Archive for the ‘nagios’ Category

Using Nagios NRPE To Monitor Windows User Accounts Via WMI…….

Wednesday, February 8th, 2012

My last post on the subject of using the Nagios NRPE plugin to monitor stuff on Windows. This time I want to be monitor some Window domain user accounts for lockout status.

We run some of our windows services using ordinary domain user accounts instead of the built in local service accounts. This is normally when the service in question needs to read or write to network shares on another server, the built in service accounts don’t seem to pass and username/password along with the request and so the connection fails. When you run the process under a domain account, the name and password are passed along with the connection request and as long as you have set your share and NFS permissions correctly it should work.

We recently had an application stop working and it turned out to be that the domain user account that the service ran under had become locked out.

So I decided it would be a good idea to get a heads up about this sort of thing sooner rather than later. The script needs to run on your AD domain controllers (x1 is probably fine as they all replicate user data, but more might allow detection a little quicker).

The code for the script is below.

' account name supplied as argument
strAccount = Wscript.Arguments.Item(0)

' bind to the MERCURY domain
Set objComputer = GetObject("WinNT://MYDOMAIN")

objComputer.Filter = Array("User")
' for each service compare it’s display name to the current one we are looking for
For each objUser in objComputer
    If objUser.Name = strAccount then
    	If ObjUser.IsAccountLocked <> 0 then
    		Wscript.echo "Account is locked out"
    		Wscript.Quit (2)
    	Else
    		Wscript.echo "Account is ok"
    		Wscript.Quit (0)
    	End if
    End if
Next

The script is using WMI to check the IsAccountLocked value of a user object. The user object has quite a lot of key pair values that you can monitor, basically all the fields and check boxes you see in the AD user dialogue box.

In this instance, I am only interested in the ‘Account is locked out’ check box. If it’s checked the value will be something other than 0 (1 in this case)and I want an alert, but if the value is still 0 then it’s not checked and the account is ok.

As with the prior checks I wrote about, the .vbs script file needs to be dropped into the ‘libexec’ folder, and a line like below needs to be added to the nrpe.cfg config file on the windows server.

command[check_windows_account]=cscript.exe //T:30 //NoLogo "C:\Program Files (x86)\NRPE_NT\libexec\check_windows_account.vbs" "$ARG1$"

On the Nagios server you need to add a command definition to the commands.cfg file.

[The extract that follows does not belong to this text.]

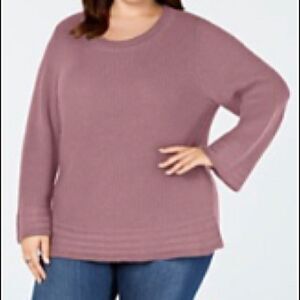 NWT Style & Co. lantern sweater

# 'check_windows_account' command definition (using nrpe)
define command{
        command_name    check_windows_account
        command_line    $USER1$/check_nrpe -H $HOSTADDRESS$ -t 60 -p 5666 -c check_windows_account -a $ARG1$
}

And finally a service check has to be created in the services.cfg file and a server to be checked needs to be added (in this example I’m checking the account ‘AppUser’ on the server Windows_Server_1.

define service{
        service_description     Check Windows User Account
        servicegroups           cust-windows
        host_name               windows_server_1
        check_command           check_windows_account!"AppUser"
        use                     generic-service
}

Hopefully these scripts have given you an idea of what you can do with the NRPE plugin. As long as you can write a script to check a known value of something, you can get Nagios to use it as a monitor and fire an alert. And it doesn’t have to be VBScript, Powershell, Perl, Python they all can be used. You can monitor WMI objects, or Windows Perfmon Counters, the list is vast.

Enjoy ;oD

Using Nagios NRPE To Monitor Windows Processes Via WMI…….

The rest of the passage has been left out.